InMobi, an India-based mobile advertising network that provides an ad platform, opened a branch in Seoul last November. Naver announced early this month that it will develop platforms for the mobile ads.

Kim Seung-yeon, head of InMobi’s Korea operations, said that the market will only expand.

“More than 27 million people in Korea now use a cell phone and the advertisers need to be where people gather,” said Kim.

The local mobile advertisement market is estimated to reach over 500 billion won ($431.5 million) this year, and 1 trillion won in 2015, according to Digieco, KT’s research institute. InMobi Korea predicts sales of 20 billion won this year. Daum Communications saw around 5 billion won in sales in mobile advertisement in the first quarter of this year.

Before Kim joined the mobile company, he worked for Google in Seoul, Tokyo, Singapore and Shanghai.

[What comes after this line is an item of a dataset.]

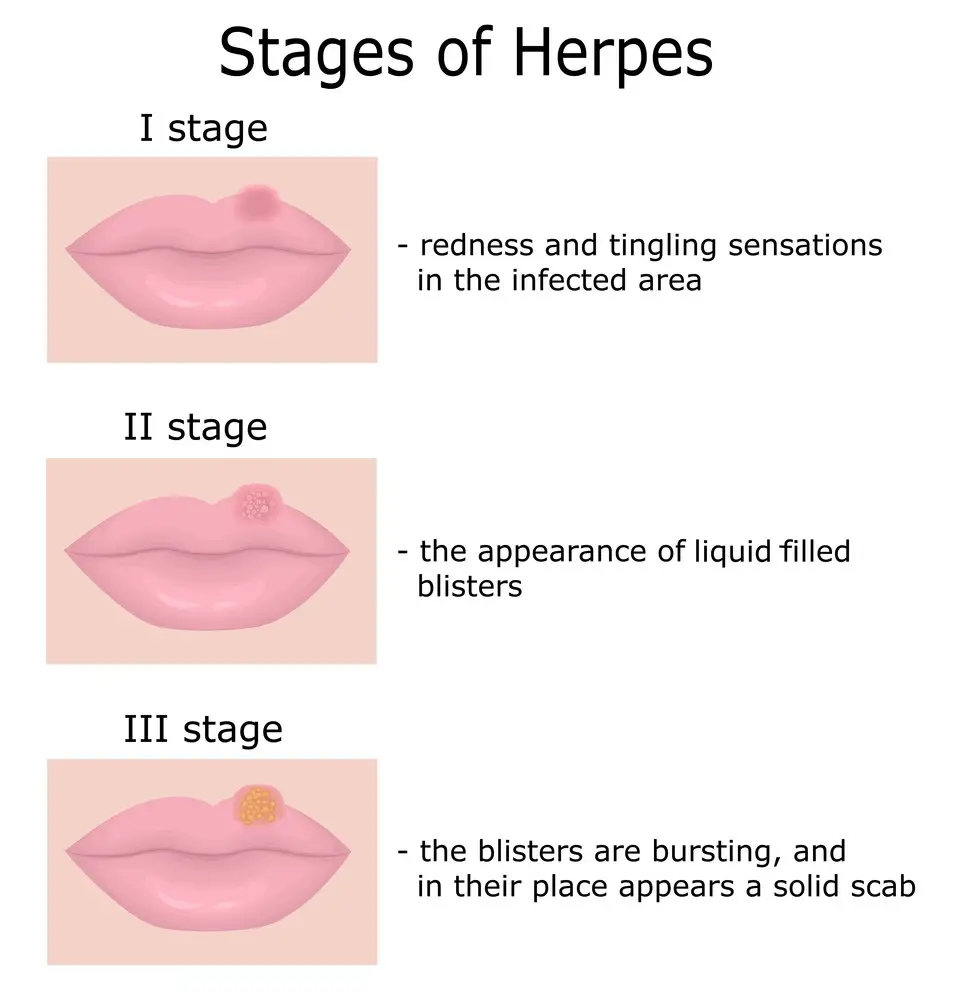 Collection 100+ Images photos of herpes on the lips Stunning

“For Google, mobile advertising is one of the many businesses it has its hands on, but to us, it is the only thing we do,” said Kim. “The innovation speed should be different, so I think we still have a chance to beat the giant.” He demonstrates how ads work on mobile applications.

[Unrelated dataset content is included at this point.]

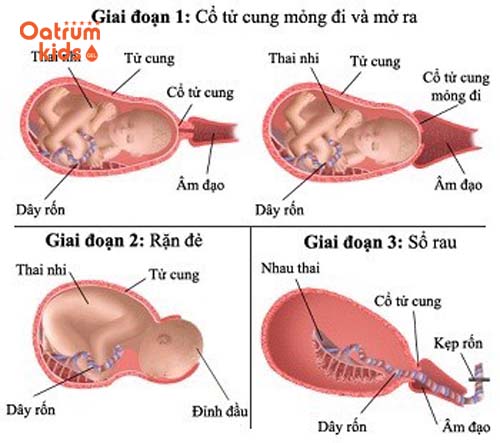 3 giai đoạn quan trọng của quá trình sinh con.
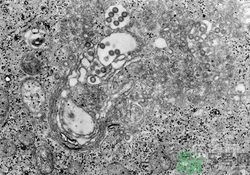 裂谷熱病怎么治？裂谷熱病的癥狀有哪些？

“If someone searches for what singer IU ate for a meal, the banner advertisement on this application will be related to diet,” Kim said.

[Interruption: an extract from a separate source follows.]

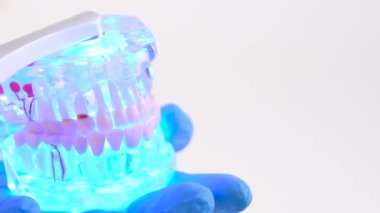 Dental Reconstruction of Jaw with Dental Scanner. Modern dental clinic laboratory. Hi-tech dental scanner with gypsum jaw model. Teeth Mould being analyzed.
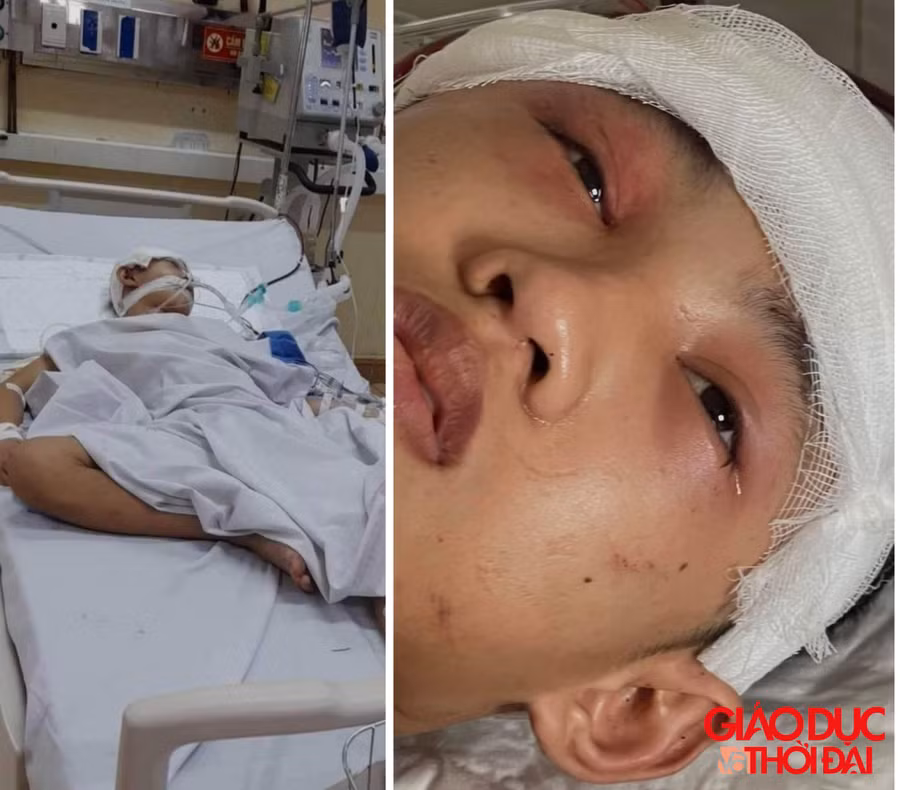 Từ một chàng trai ngoan ngoãn, hiếu thảo, em Trần Đình Núi giờ nằm bất động, sự sống hết sức mong manh.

The Korea JoongAng Daily sat down with Kim last week to talk about how the market will grow.


Q. What are the advantages of advertising on mobile devices?

A. In contrast to newspapers, TV or Web advertisements, it is possible to analyze who saw the ad. When people click on a mobile advertisement, the basic information of who they are, what they do and where they clicked the ad can be used in the database to further specify targets.

Is it possible for the advertisers to show ads to specific targets that might be interested in their products?

In the future, if a cosmetic company wants to promote its sale at Asem Tower [southern Seoul], it can be possible to show advertisement only to the people who are currently nearby or to people who showed more of a likelihood of coming to the event.

Location information will be crucial. But there are ethical questions over the companies collecting personal information. Will these be a barrier for the growth of mobile ad market?

The issue needs to be further discussed, but I don’t think controversies regarding privacy are pushing down market growth yet. The market is growing that fast.

Almost all of Korea’s top 100 advertisers.

How much do they spend?

They use 10 to 15 percent of their total budget for digital services. So the percentage to overall [budget] is very minimal.

Will mobile ads take down TV commercials?

While every TV viewer tends to remember at least one TV advertisement, almost none remember the main advertisement on an Internet portal Web site. In terms of building a brand image, no one can yet match TV, but it is possible to create a synergy effect with mobile ads. I think the mobile market can come close to a 1 quadrillion won market. Globally, there are only a few industries that went over 1 quadrillion won and that includes the military, the food industry and steel.

Won’t people be annoyed by ads and come up with tools to block them?

Consumers don’t need to press the banner. When they touch it, the ad will open on top of the page they are looking at. So when they are done watching the ad, they can simply touch the exit button and they will be brought back to the page they were browsing. The system works more reasonably than people think.

Why is Naver only recently developing a platform for the mobile advertisement? Is that because they were careful about losing their profit model?

That’s true. In Japan, China and Korea, where Google is not the No. 1 portal, the mobile advertisement is rarely introduced. The fact that Naver jumped into the pool can mean that the market for mobile advertisement became sizable.

So is it still unclear if mobile advertisements will be profitable for platform providers?

If I were a CEO of a portal, I would definitely sync mobile advertisement with desktop Web advertisements. It can be mutually supplementary. [Although the profit may be minimal], it would mean something to be on top and a major power in the industry.